══ DATA PROVIDED ══

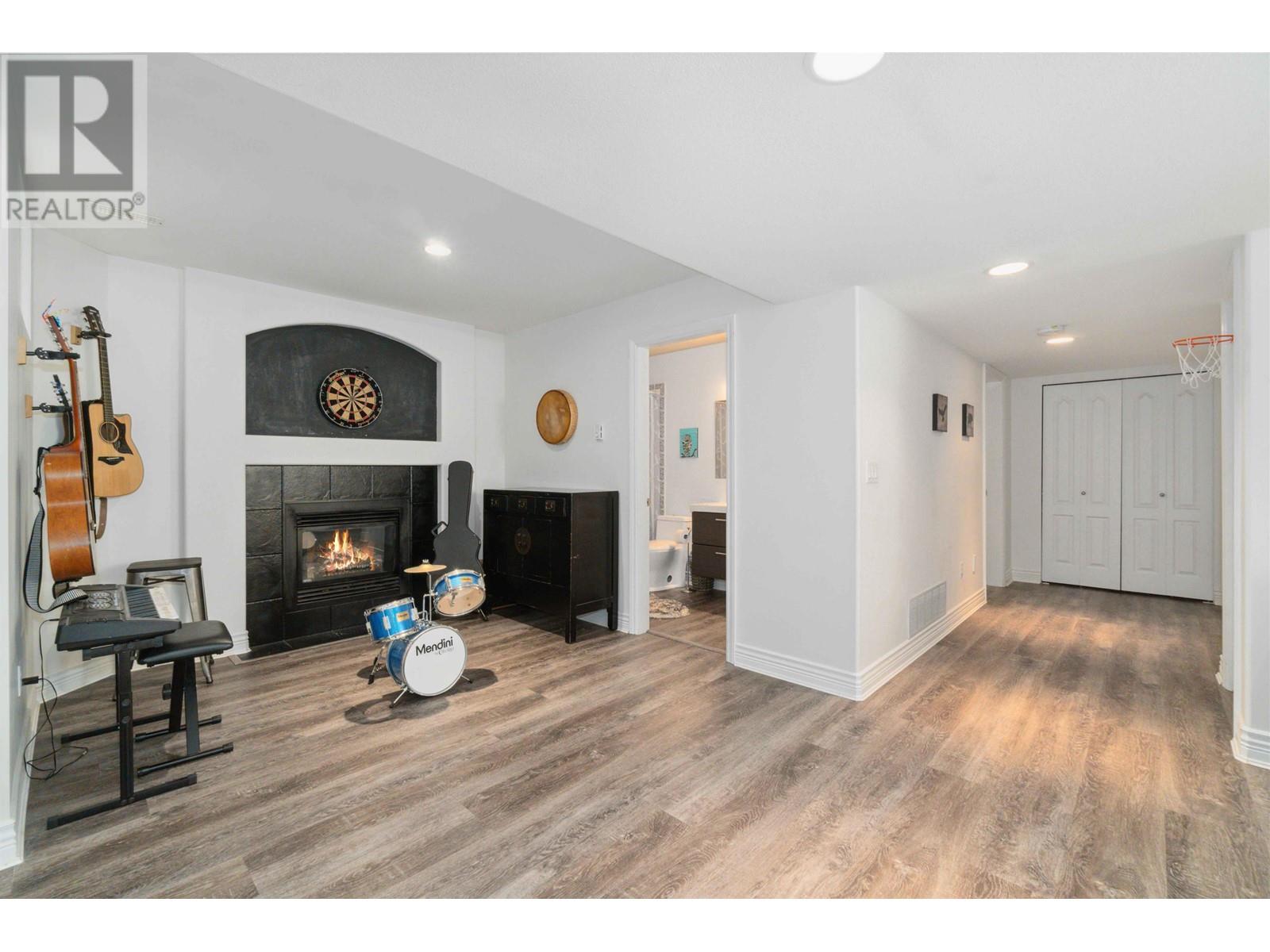 1722 Paddock Drive, Coquitlam, British Columbia  V3E 3N8 - Photo 23 - R2816827
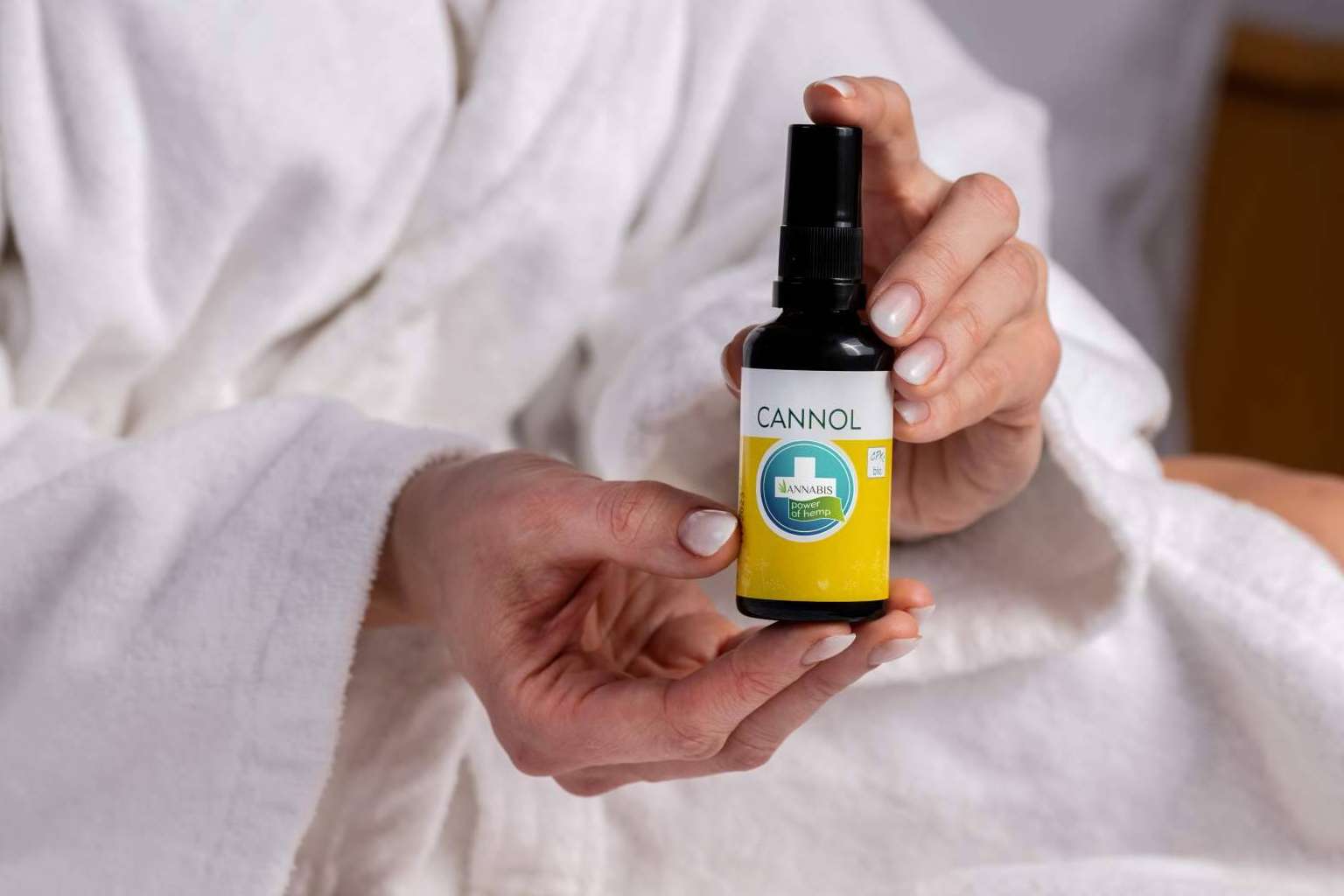 El aceite de cáñamo es el ingrediente cosmético que mejora la salud de la piel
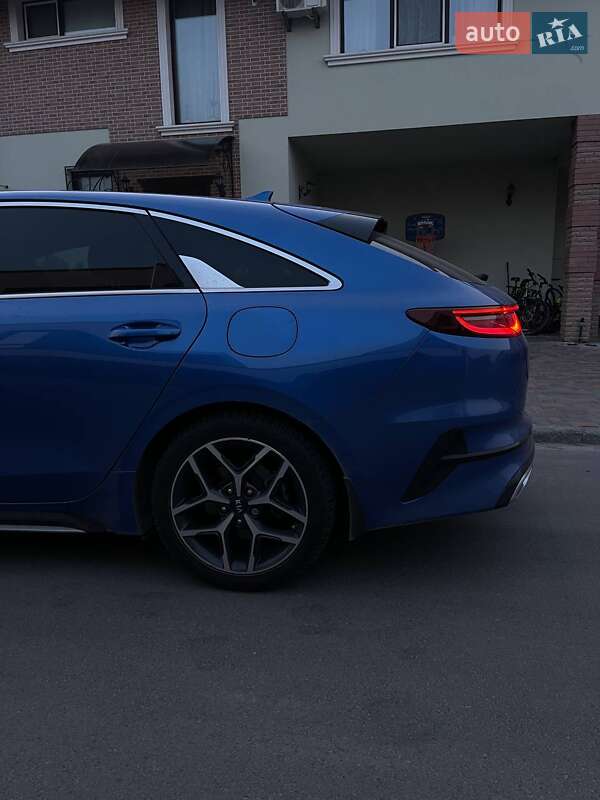 Універсал Kia ProCeed 2019 в Ужгороді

═══

_EXERCISE_.
Omit the pictures, then give all the lines above again exactly.

_RESPONSE AREA_.
 1722 Paddock Drive, Coquitlam, British Columbia  V3E 3N8 - Photo 23 - R2816827
 El aceite de cáñamo es el ingrediente cosmético que mejora la salud de la piel
 Універсал Kia ProCeed 2019 в Ужгороді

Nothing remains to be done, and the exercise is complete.